Iowa Secretary of Agriculture Bill Northey has commented on the Iowa Crops and Weather report released by the USDA National Agricultural Statistical Service. The report is released weekly from April through October.
“Unfortunately, strong storms continued to roll across the state, causing isolated damage and leaving fields very wet and drowning out some crops,” Northey said. “Between the wet spots crops remain in pretty good condition, with 79 percent of corn and 75 percent of beans rated in good to excellent condition.”

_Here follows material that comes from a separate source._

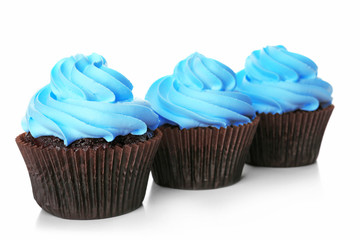 Delicious cupcakes isolated on white background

The weekly report is also available on the Iowa Department of Agriculture and Land Stewardship’s website at www.IowaAgriculture.gov or on USDA’s site at www.nass.usda.gov/ia. The report summary follows here:
Recurring precipitation continued to limit fieldwork in Iowa during the week ending June 29, 2014, according to the USDA, National Agricultural Statistics Service. Statewide there were just 2.2 days suitable for fieldwork. A few producers were able to do a little spraying and herbicide application between storms.
Precipitation raised soil moisture levels again this week. Topsoil moisture levels rated 0 percent very short, 3 percent short, 61 percent adequate, and 36 percent surplus. Subsoil moisture levels rated 1 percent very short, 9 percent short, 68 percent adequate, and 22 percent surplus. With the exception of southeast Iowa, every district in the state had over one-quarter of its topsoil in surplus condition.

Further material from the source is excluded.